Transforming the civic landscape in Chicago
As an university institute, we seek to broaden and deepen the engagement of Chicago-area residents in public policy and community issues—particularly at the neighborhood, city, and county levels—through the use of dialogue and deliberative processes. A national and international dialogue and deliberation movement has been transforming democracy in cities around the world. And we aim to enhance this movement in Chicago.
Our explorations of this movement focus on conversations with practitioners in the field, including individuals and organizations who lead or facilitate dialogue and deliberative processes in Chicago. We have learned that practitioners are engaged in a wide range of activities, including community-building dialogues and explorations, deliberative decision-making processes with citizen participation, collaborative organizing and action, and conflict transformation. However, we have also discovered that these efforts in Chicago tend to be isolated, lack a common language, and yet have tremendous potential for collective, long-term impact. We strive to strengthen this potential.

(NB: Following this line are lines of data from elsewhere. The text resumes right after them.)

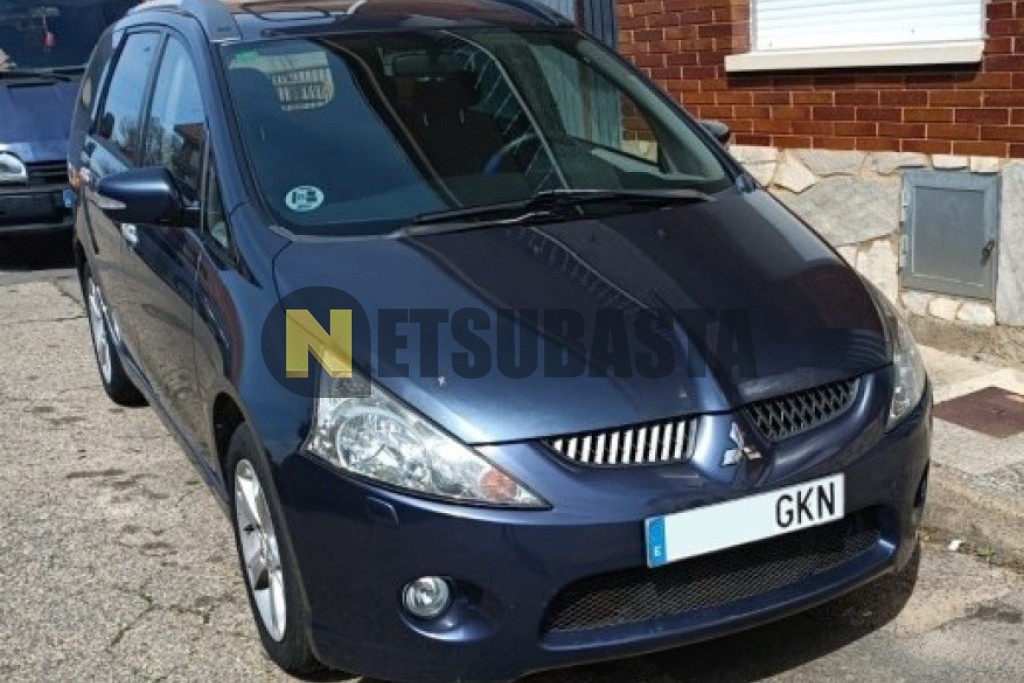 Mitsubishi Grandis 2.0 DI-D 2009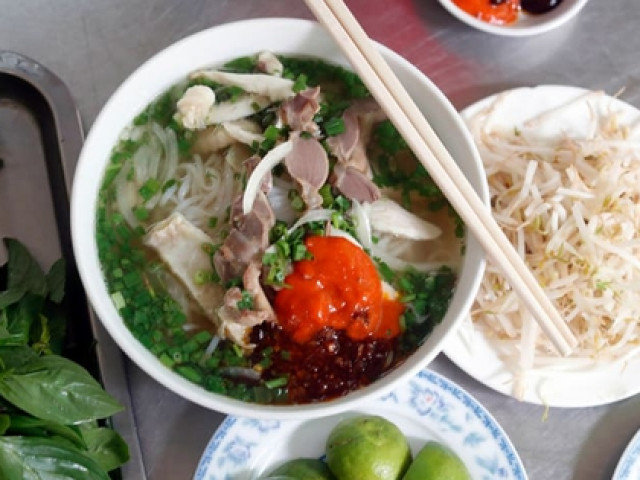 Ba món Việt vào danh sách ẩm thực đường phố ngon nhất châu Á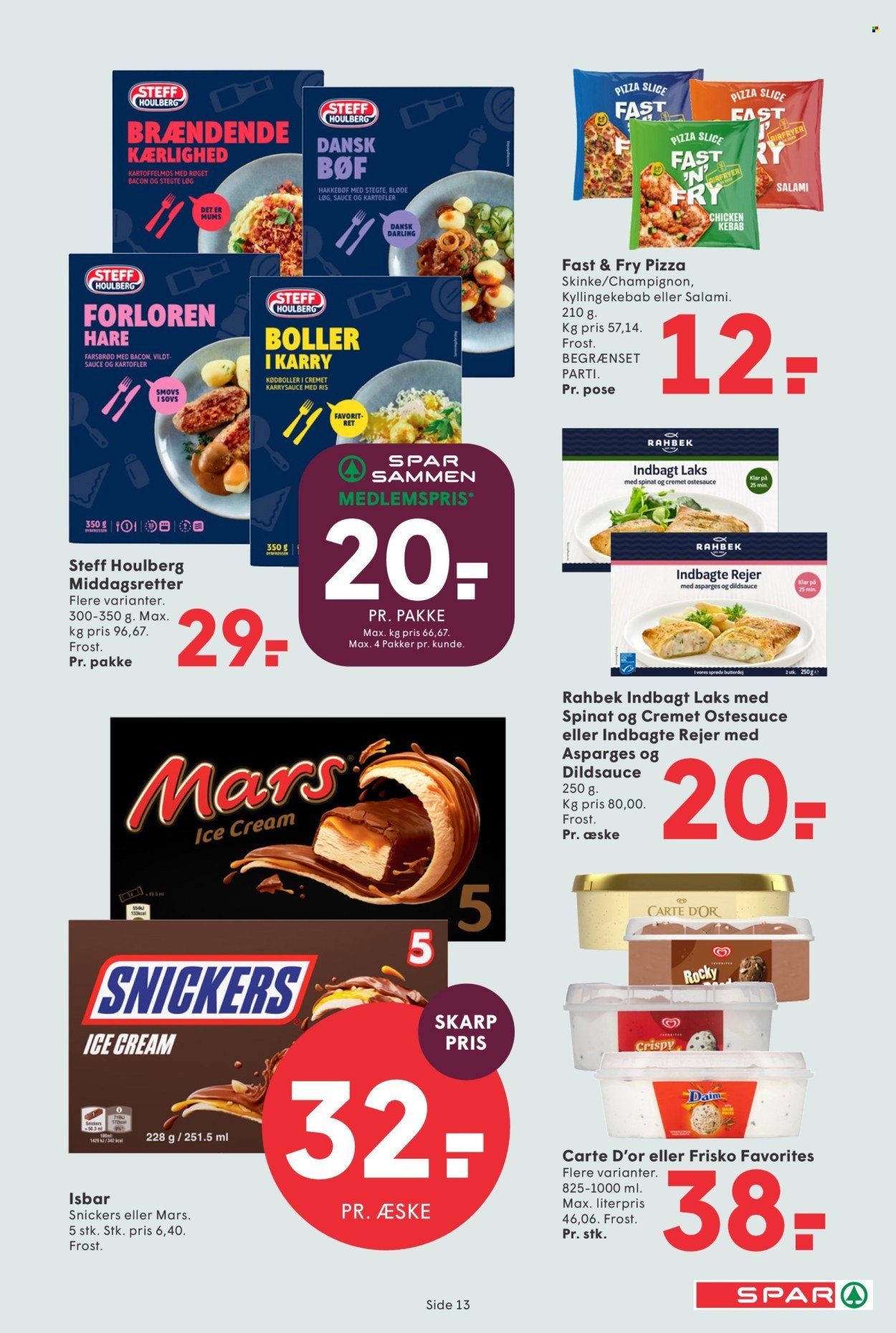 SPAR tilbudsavis - Fra fredag den 10. april 2026 (2026-04-10 - 2026-04-16)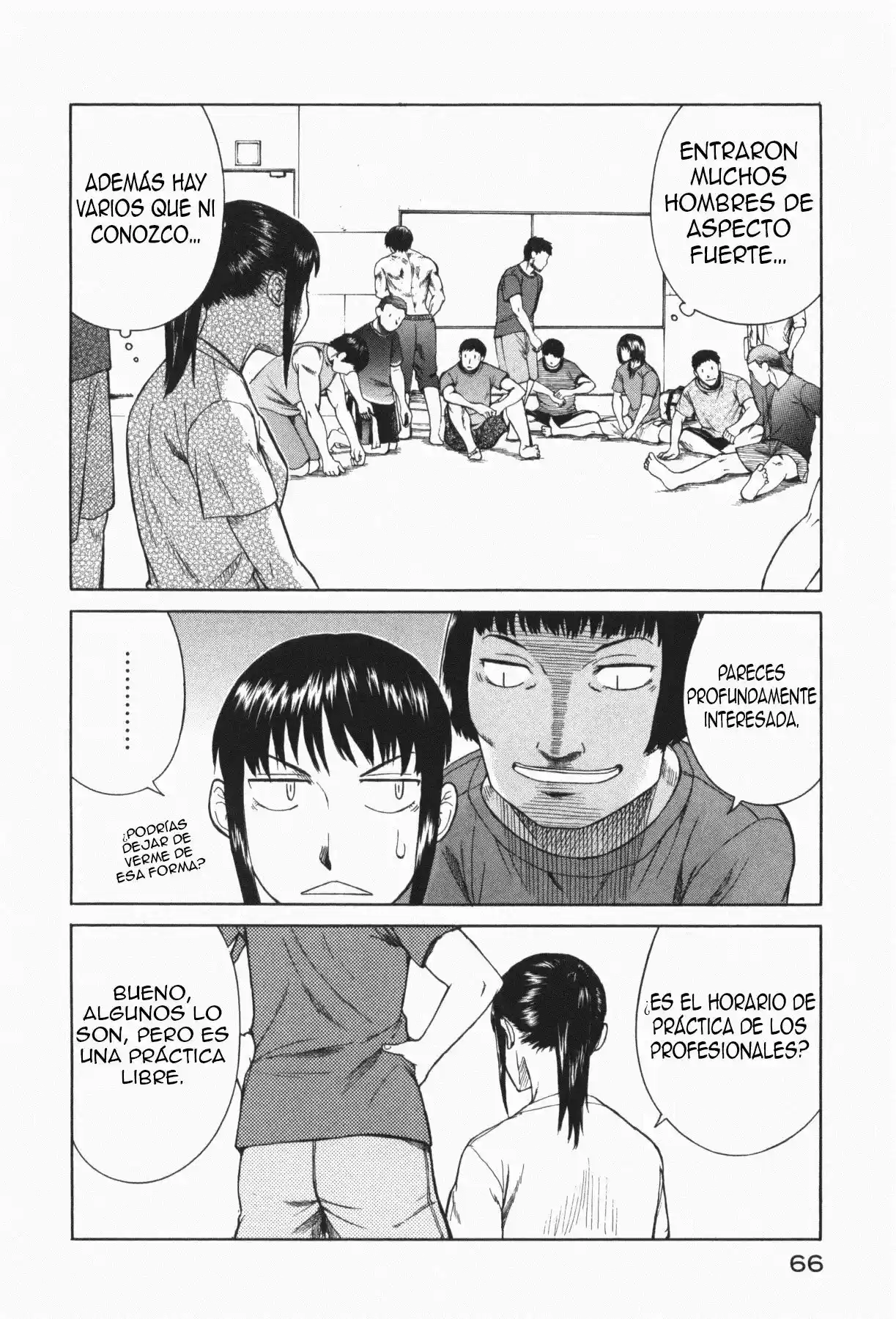 Teppuu (2008) - Capítulo 10 - Página 12 - LectorTMOo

IPCE supports events that facilitate public discourse on policy issues or the policy implications of university research. Events include public forums, dialogues, town hall meetings, and small conferences or workshops that are either open to the public or that target a specific audience, such as policy advocates; residents of a specific neighborhood; or a sub-population, such as seniors or youth.
IPCE also designs and leads dialogue and deliberation processes in partnership with communities and other institutions. We utilize methods that fall into categories defined by the National Coalition for Dialogue and Deliberation. Those engagement streams are: exploration, conflict transformation, decision making and collaborative action.
The National Coalition for Dialogue and Deliberation, on methods for engagement:
Dialogue and deliberation are dynamic processes which can be empathy-enhancing, relationship-changing, problem-solving, action-planning, organization-developing, community-building, conflict-resolving, skill developing, prejudice reducing, consciousness-raising, and more! The various models and methods that are used in our field often emphasize, strive for and obtain different outcomes.
The methods of engagement are featured below:
Encouraging productive community reflection, which may lead to innovative solutions
This method of engagement is best used when a group or community is muddled by a specific issue. It focuses on listening, openness, and fostering a respectful space to share values.
Resolving conflicts and improving inter-group relations
Conflict Transformation is centered on building trust and sharing personal stories and is important when the relationships among a group or community are poor or not established.
Improving public knowledge and influencing public decisions
This method focuses on naming and framing issues, considering options and opinions, and brainstorming solutions. Decision Making is best employed when providing suggestions to governing bodies.
Empowering groups to find solutions for complex problems
Collaborative Action can span multiple communities or entities and uses dialogue and deliberation to generate ideas for community action.
This engagement framework was developed by NCDD.
This engagement framework was developed by the National Coalition for Dialogue and Deliberation.
Discourse Fund Awards
Each year when funds are available IPCE allots discourse awards for faculty and research center staff to design events that facilitate public discourse on policy issues or the policy implications of university research, such as town halls, public discussions, and workshops.